THE PROBLEM: Nothing should appear in the answer except the lines below from the line containing "Helles Arbeitszimmer mit" through the line containing "living area featuring", copied exactly, with pictures left out.

STORED DATA:
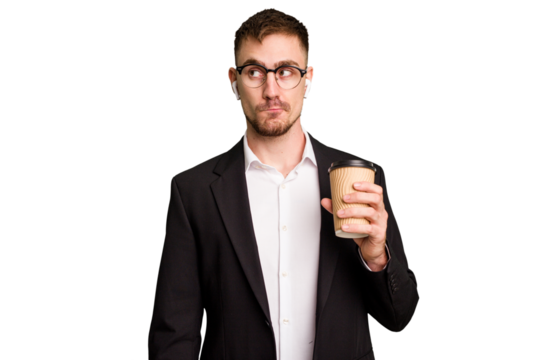 Young business caucasian man drinking a coffee isolated cutout confused, feels doubtful and unsure.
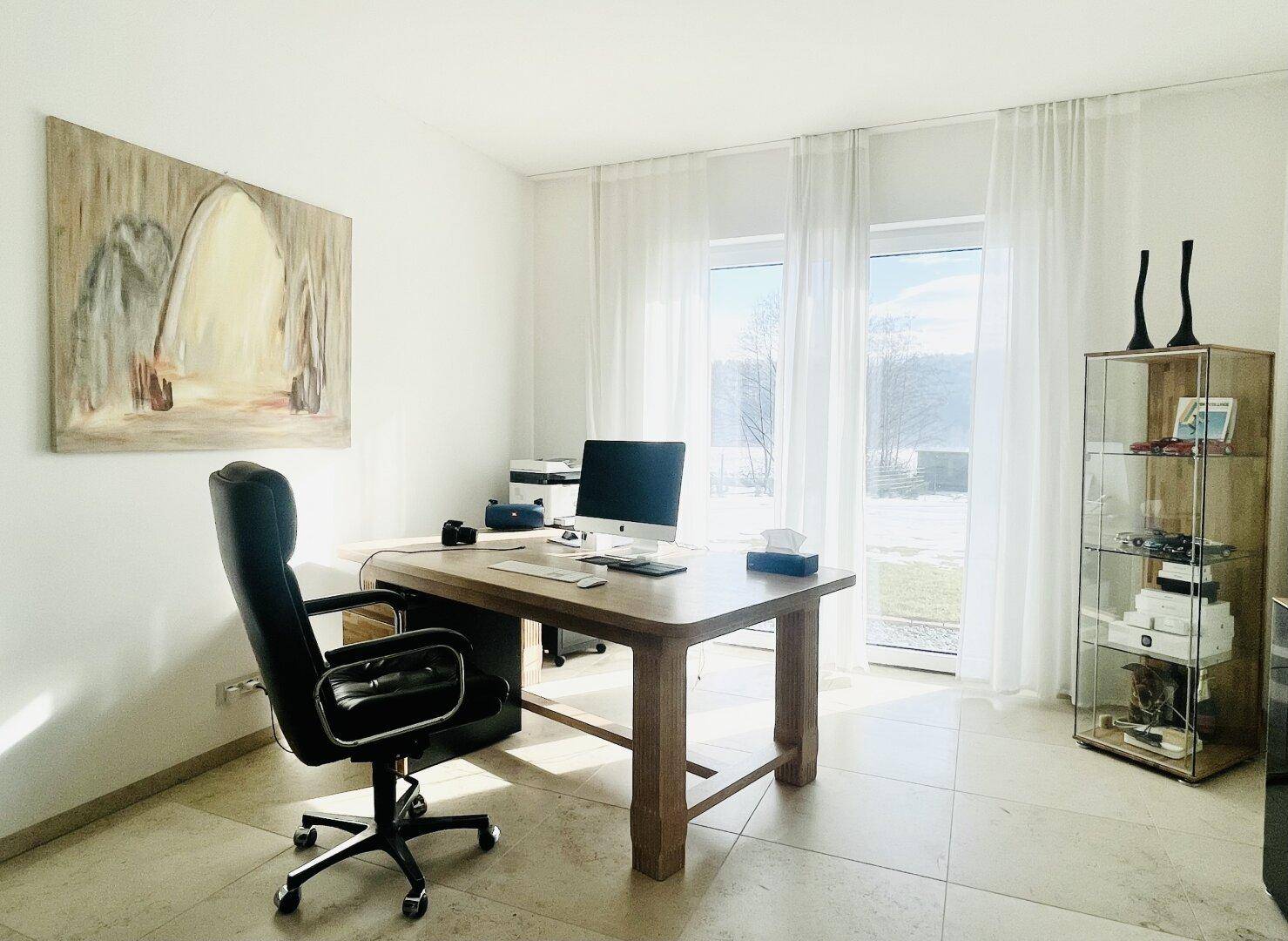 Helles Arbeitszimmer mit großem Schreibtisch, viel Tageslicht und Blick auf die Landschaft.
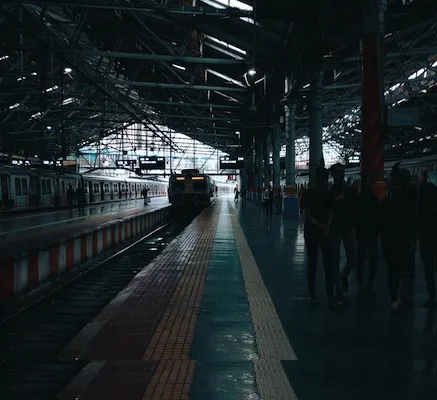 Mumbai local train at railway station platform - passengers waiting
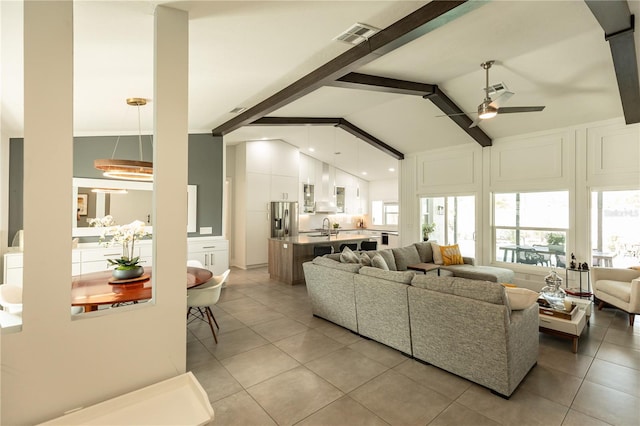 living area featuring ceiling fan, light tile patterned floors, visible vents, and beam ceiling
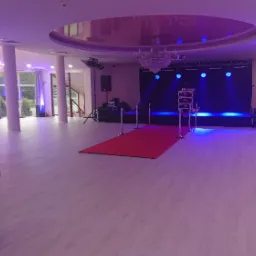 Sala bankietowa z czerwonym dywanem prowadzącym do sceny oświetlonej niebieskim światłem, stoły z nakryciami i krzesłami po lewej stronie, kolumny i żyrandol na suficie.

OUTPUT FOR THIS EXERCISE:
 Helles Arbeitszimmer mit großem Schreibtisch, viel Tageslicht und Blick auf die Landschaft.
 Mumbai local train at railway station platform - passengers waiting
 living area featuring ceiling fan, light tile patterned floors, visible vents, and beam ceiling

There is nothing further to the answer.